After coal is burned, the ash is stored in open-surface mines, like the one in Gibson County, containing harmful levels of arsenic, lead, mercury and other toxins, which can leak out slowly to contaminate drinking water sources or even flood nearby communities with a life-threatening wave of toxic sludge, as the nation watched happen last year in Knoxville, Tenn.

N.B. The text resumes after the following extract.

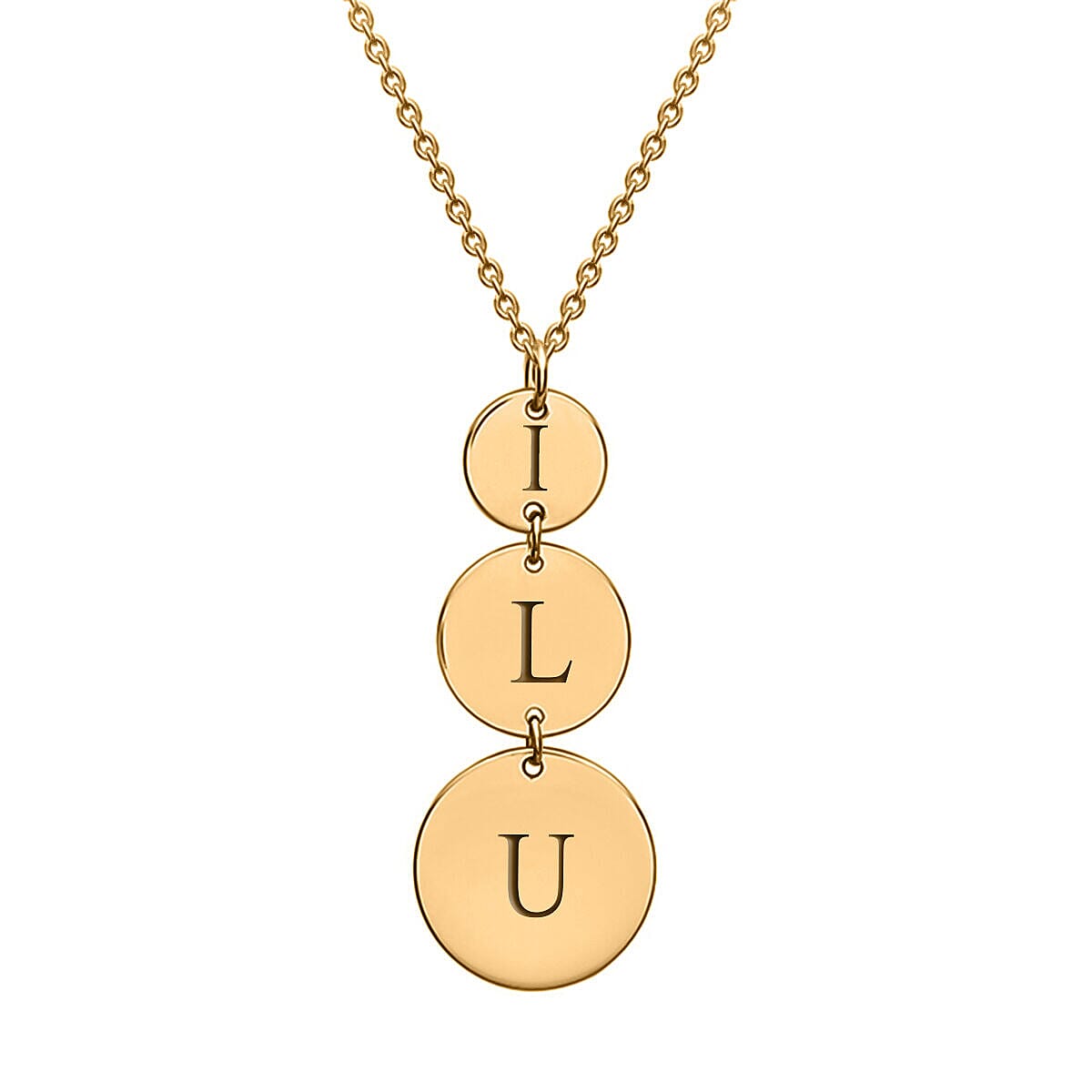 Personalised Engravable 9K Gold 10mm x 26mm 3-Disc Necklace, Size-16-17 Inch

Rather than seeing these efforts as a threat to jobs and the economy, such regulations should be seen as the path forward to protect people’s livelihoods. Strong regulations put us on a path to cleaner technology that boosts economic growth, creates jobs and protects the planet. IU, as a research institution, should be a leader – not a regressive force.

According to the National Resources Defense Council, “Indiana produces 96 percent of its electricity with coal and is the No. 1 emitter of carbon dioxide per capita in the country.”

In the past we didn’t have a choice about how to power America. Today we can do better.

The bottom line is that it’s time to clean up coal and build a clean-energy economy, starting at IU.